It’s that time of year again, and there is a new release of SAP HANA. If you’re into that kind of thing, you can download all of the reference material here. There is 30 PDF files containing 150MB of detailed information explaining what’s going on. Last year, SAP were kind enough to release SAP HANA SP05 during the Thanksgiving holiday weekend, leaving plenty of time for those of us with nothing better to do, to read up on it, but they were a week later this year, so I’ve had to catch up fast!
My sense of what happened during the planning phase for SAP HANA SP07 was the teams got together and said “what shall we achieve?”. The consensus was: let’s make everything better. Let’s look at the stuff it brings.
Better SQL optimization and performance
This is huge, for me.
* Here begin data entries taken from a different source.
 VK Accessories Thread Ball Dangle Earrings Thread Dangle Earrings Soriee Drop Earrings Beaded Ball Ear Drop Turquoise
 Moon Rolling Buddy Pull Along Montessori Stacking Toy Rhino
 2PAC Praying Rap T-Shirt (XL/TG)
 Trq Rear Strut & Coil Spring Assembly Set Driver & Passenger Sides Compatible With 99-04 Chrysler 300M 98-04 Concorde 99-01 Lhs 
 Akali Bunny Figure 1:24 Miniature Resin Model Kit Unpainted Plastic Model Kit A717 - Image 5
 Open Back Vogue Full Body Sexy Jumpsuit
The SQL optimizer now does a much better job of guessing which engine to send a query to. I’ve not tested this exhaustively but if you are using SQL, this can provide up to 100x improvement in performance of OLAP-style queries and SQL is now only about 10% slower than an equivalent HANA model. The Model is still faster, because the optimization is built in advance.
In addition, COUNT DISTINCT is now 50% faster than I found previously. This is very nice, because this was a pain point for many customers.
All in all this is an important set of improvements to the core engine.
New SQL Features
There aren’t a ton of new SQL features, and I was hoping for more ANSI SQL compliance but there’s some interesting stuff:
– Ability to replica tables between nodes to improve join colocation
– Handful of new SQL functions for working days, currency conversion, grouping, SHA Hashing, Binary Conversions
– New BINTEXT data type and various conversion and setting functions
Unfortunately recursive queries and CTEs still aren’t supported, which is a shame.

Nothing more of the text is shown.